17 Mar. 1736–8 Aug. 1808

Photograph of plaque dedicated to Major Benjamin May, Farmville, N.C. The plaque was dedicated circa 1925 by the N.C. Historical Commission and the Daughters of the American Revolution. From  <i>Farmville's 100th Anniversary</i>, p. 3, published April 1972 by the Farmville Area Centennial Corporation.  Presented on Archive.org. Benjamin May, Revolutionary War officer, landowner, farmer, and saddler, was born in Scotland. Around 1750 he moved to North Carolina and settled on the south side of Contentnea Creek, two miles west of what is now the Pitt County town of Farmville. Pitt County deeds show that, beginning in 1763, May purchased thousands of acres of land and a large number of enslaved people. He was a farmer, and several property deeds identify him as a saddler.
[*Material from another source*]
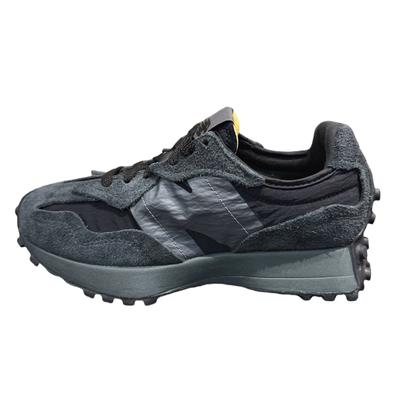 NEWBALANCE缓震男纯黑系带休闲鞋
By 1773 May was serving as a captain in the Pitt County militia. In 1774 the colonial Assembly appointed him one of five commissioners responsible for the transfer of the county courthouse, prison, and stocks from a private citizen's land to the newly established town of Martinsborough. In the same year, May was elected by his fellow freeholders to the Pitt County Committee of Safety. Active in that committee throughout 1775, he joined eighty-seven other citizens in signing a committee resolution that acknowledged the sovereignty of England's King George III but deplored the repressive acts of the British government and supported the Continental Congress. At the July meeting where this resolution was approved, companies of slave patrollers and re-enslavers were organized and authorized to disarm and punish freedom-seeking enslaved people found off their enslavers' premises without permission. May was assigned to the Fifteenth Company of slave patrollers and soon became one of its captains.

May continued to serve on the Committee of Safety during 1776. In May he and James Gorham were directed by the Provincial Congress at Halifax to acquire arms for Pitt County troops. On 19 Nov. 1776 May took his seat at Halifax as one of five Pitt County delegates to the Provincial Congress. This session of the congress wrote the constitution by which the fledgling state of North Carolina was to be governed.

In 1779 May was made a field officer with the rank of first major in the Pitt County militia. He may have been among the Pitt County soldiers who fought in the Battle of Guilford Court House in March 1781. In 1782 he was serving as a justice of the peace, a post he resigned in late 1784. Two years later he was among thirteen prominent North Carolinians named trustees of Pitt Academy, established by the state legislature in an act that also changed the name of Martinsborough, the site of the academy, to Greenesville (now Greenville). In 1804 May won a seat in the North Carolina House of Commons, where he represented Pitt County until his death.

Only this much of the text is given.